Wang Dewei, McMahan Christopher S, Tebbs Joshua M, Bilder Christopher R
Department of Statistics, University of South Carolina, Columbia, SC 29208, USA.
Department of Mathematical Sciences, Clemson University, Clemson, SC 29634, USA.
Comput Stat Data Anal. 2018 Jun;122:156-166. doi: 10.1016/j.csda.2018.01.005. Epub 2018 Feb 1.
Screening procedures for infectious diseases, such as HIV, often involve pooling individual specimens together and testing the pools. For diseases with low prevalence, group testing (or pooled testing) can be used to classify individuals as diseased or not while providing considerable cost savings when compared to testing specimens individually. The pooling literature is replete with group testing case identification algorithms including Dorfman testing, higher-stage hierarchical procedures, and array testing. Although these algorithms are usually evaluated on the basis of the expected number of tests and classification accuracy, most evaluations in the literature do not account for the continuous nature of the testing responses and thus invoke potentially restrictive assumptions to characterize an algorithm's performance.
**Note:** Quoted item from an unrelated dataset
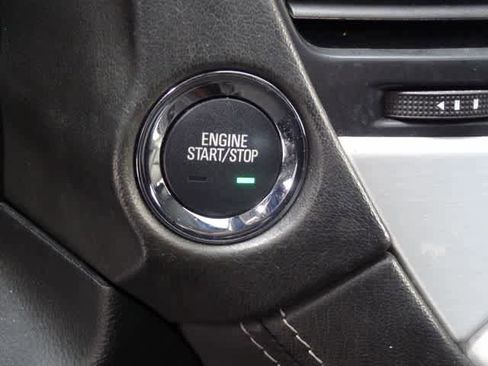 Used 2020 GMC Yukon SLT image 30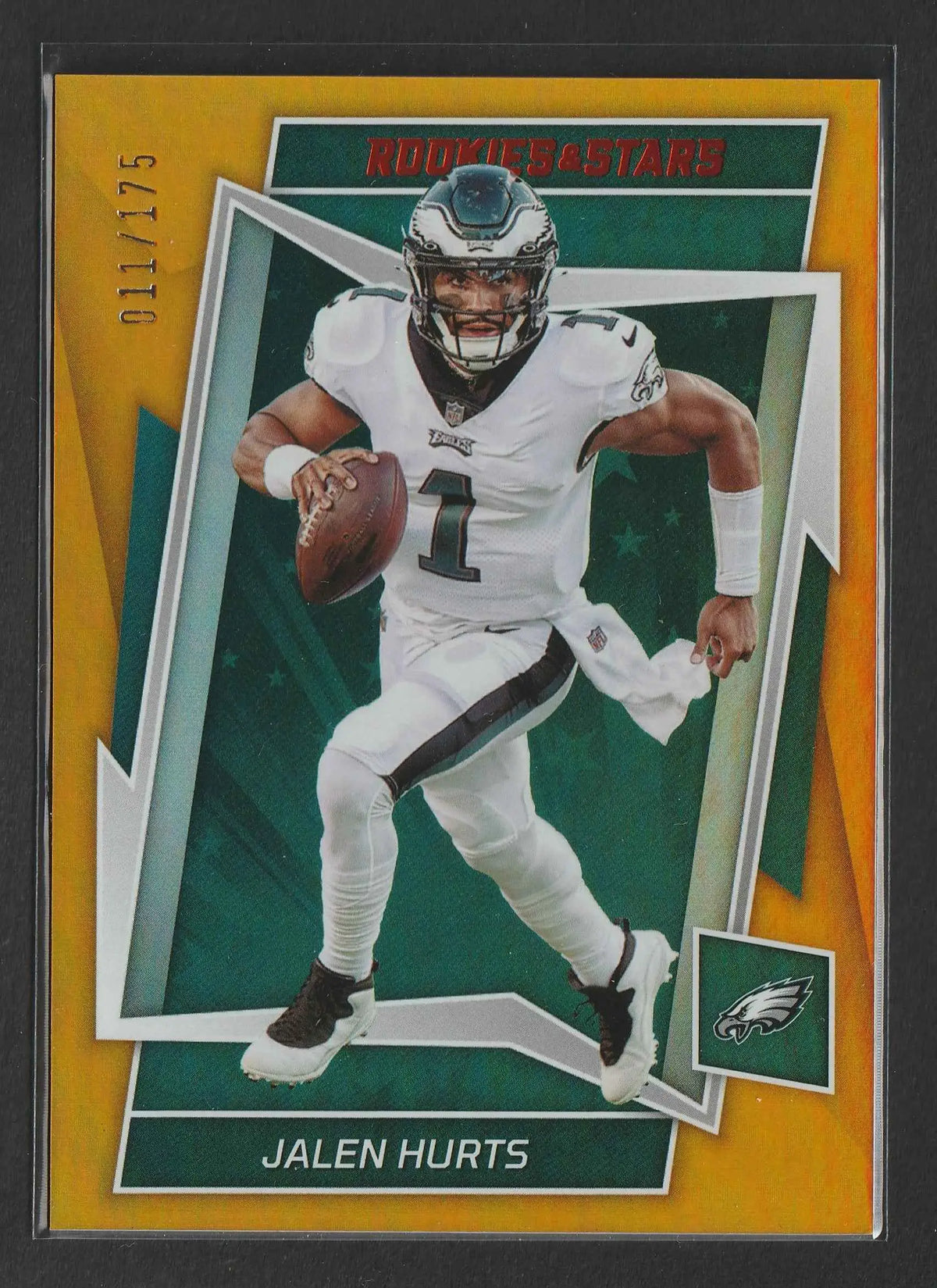 Jalen Hurts 2022 Panini Rookies & Stars orange dual jersey karte nummer 011 von 175 zeigt ihn im weißen Philadelphia Eagles trikot mit ball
Commonly used case identification algorithms in group testing are considered and are evaluated by taking a different approach. Instead of treating testing responses as binary random variables (i.e., diseased/not), evaluations are made by exploiting an assay's underlying continuous biomarker distributions for positive and negative individuals. In doing so, a general framework to describe the operating characteristics of group testing case identification algorithms is provided when these distributions are known. The methodology is illustrated using two HIV testing examples taken from the pooling literature.
传染病(如艾滋病毒)的筛查程序通常涉及将个体样本汇集在一起并对汇集样本进行检测。对于低流行率的疾病,分组检测(或混合检测)可用于将个体分类为患病或未患病,与单独检测样本相比,能显著节省成本。关于分组检测的文献中充斥着分组检测病例识别算法,包括 Dorfman 检测、高级分层程序和阵列检测。尽管这些算法通常根据预期检测次数和分类准确性进行评估,但文献中的大多数评估并未考虑检测结果的连续性质,因此采用了可能具有限制性的假设来描述算法的性能。本文考虑了分组检测中常用的病例识别算法,并采用不同方法对其进行评估。评估不是将检测结果视为二元随机变量(即患病/未患病),而是通过利用检测针对阳性和阴性个体的潜在连续生物标志物分布来进行。这样做时,当这些分布已知时,提供了一个描述分组检测病例识别算法操作特征的通用框架。使用从分组检测文献中选取的两个艾滋病毒检测示例对该方法进行了说明。